In conversation: Outgoing, incoming heads of Ingram Micro Canada

There will soon be a change at the top at Ingram Micro Canada, and on Tuesday, outgoing chief country executive Bill Brandel, and his successor, Tyler Coughlan, talked about what that all means in an interview with CDN, as they both take on new corporate roles.

Effective Jan. 1, Brandel will return to the U.S. as senior vice president, Go to Market, and, based in Buffalo, N.Y. where he resides, oversee U.S. sales, vendor management, and marketing functions and organizations.

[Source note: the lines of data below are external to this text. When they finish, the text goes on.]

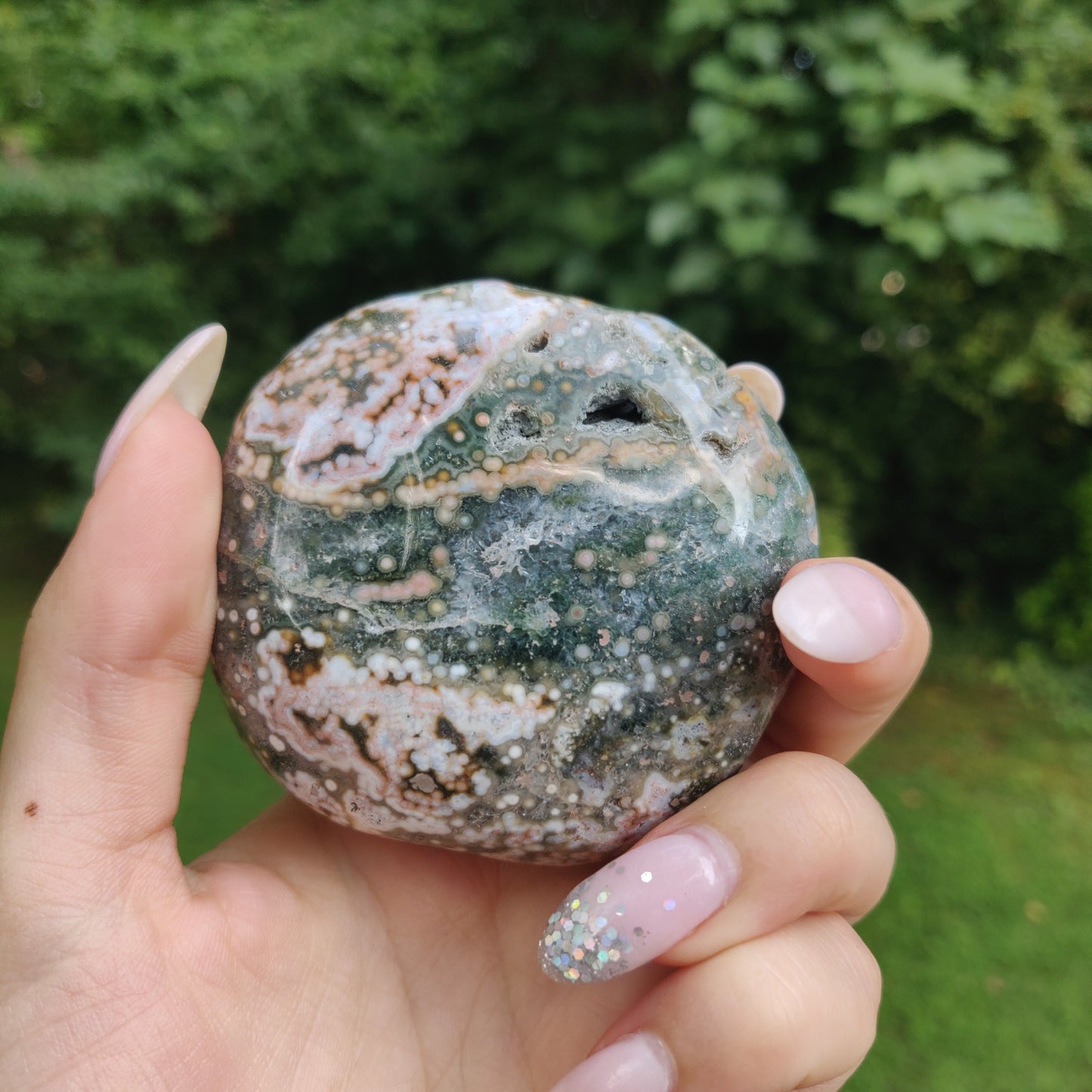 Ocean Jasper Palm Stone (#23)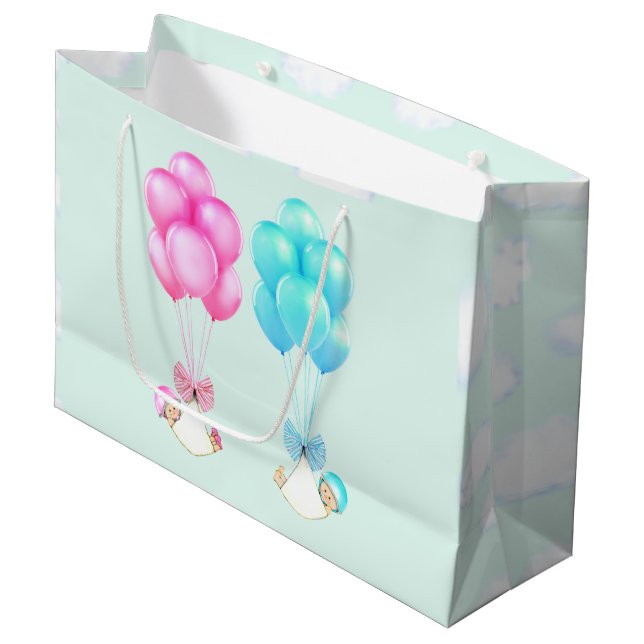 Baby Twins Girl Boy Large Gift Bag (Front Angled)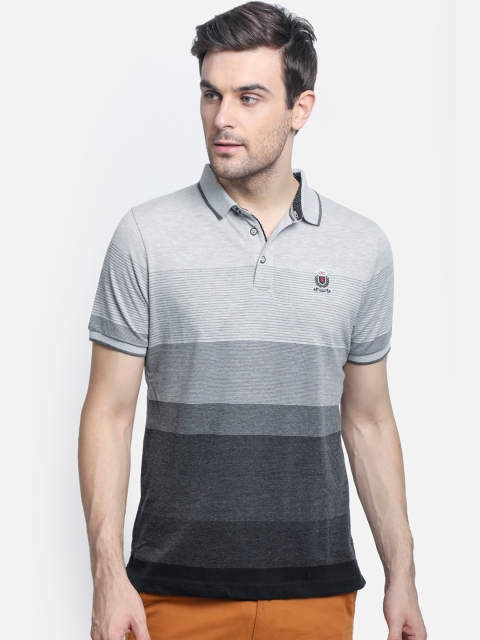 

Monte Carlo Men Grey Striped Polo Collar T-shirt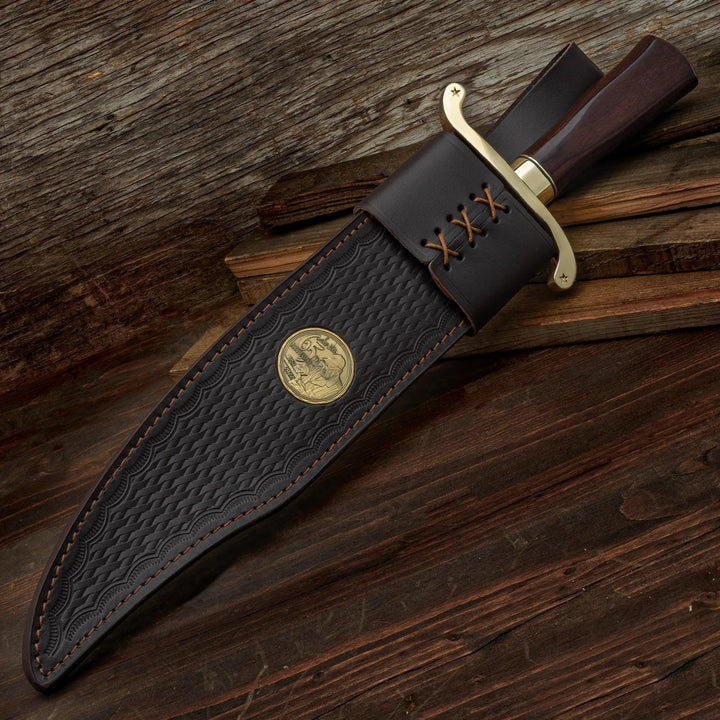 Hibben 65th Anniversary West Brown Pakkawood Bowie Mirror Finish Stainless Blade - Knives.mx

He will also be closely involved in evolving Xvantage, the company’s artificial intelligence (AI)-driven digital business platform.

Coughlan, a 26-year veteran at Ingram Micro who has spent the bulk of his career at its head office in Irvine, Calif., and for the past year served as vice president of sales in Canada, will, as Brandel has done since arriving in 2016, oversee Ingram Micro Canada’s business and organization.

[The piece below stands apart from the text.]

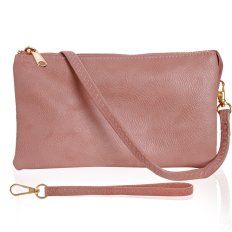 Large Wristlet with Included Cross Body Strap - Dusty Rose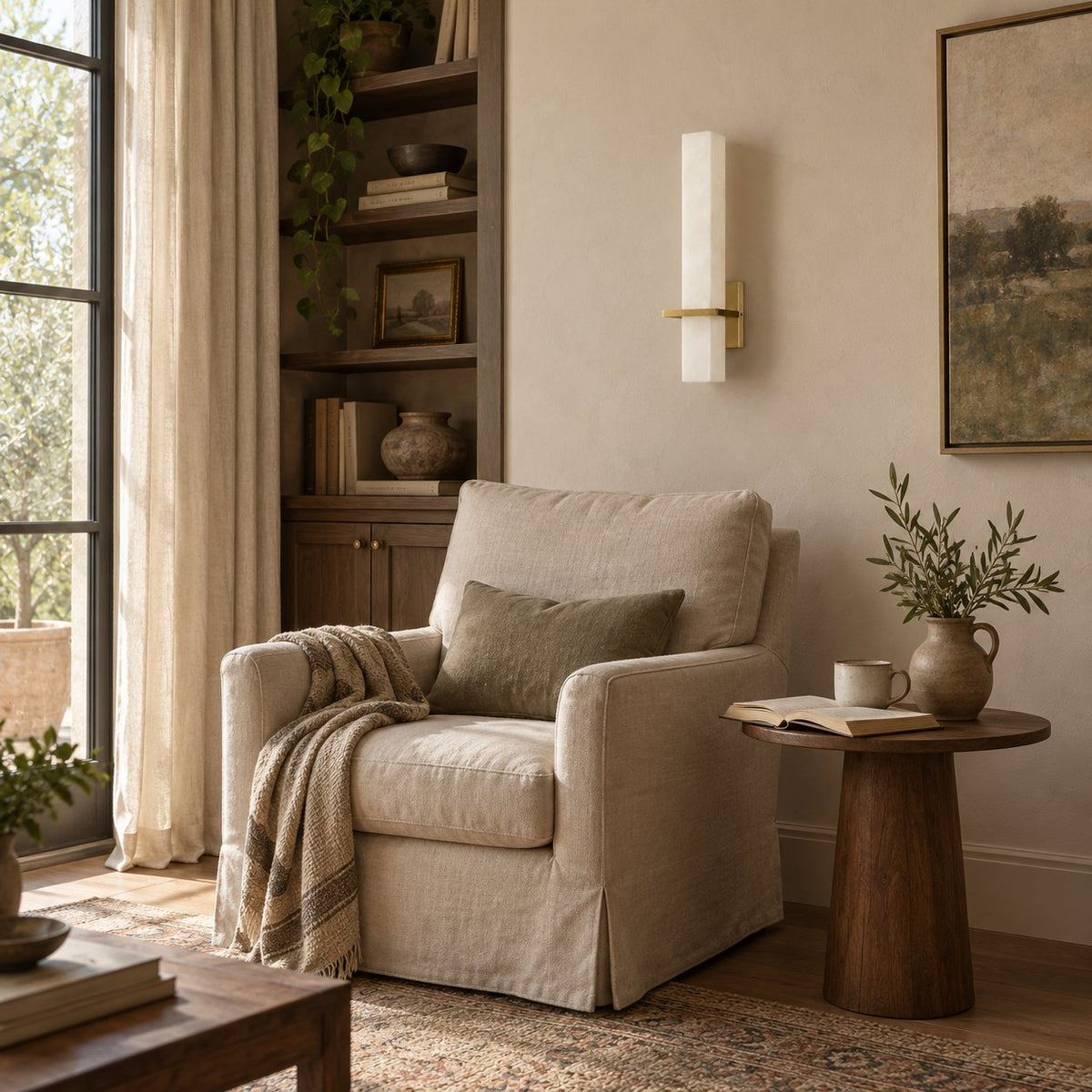 Amieira vertical alabaster wall sconce with a brass bracket beside a living room armchair.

Reflecting on that first day on the job, when he drove from Buffalo to the company’s Canadian headquarters in Mississauga, Ont., Brandel recalled, “I would not be truthful if I said I was not terrified, rolling down the street, seeing this building looming in my windshield. And I remember telling the team that I literally pulled off the road and called my wife and said, ‘what were they thinking putting me here?’

“But it was one of those things – and I tried to tell this to Tyler – that I could not believe how amazing everyone was in welcoming me – not only my own personal team, because they have a vested interest – I am the new leader – but also the partners and the vendors. What I learned was the spirit of collaboration and partnership is unique here in Canada.”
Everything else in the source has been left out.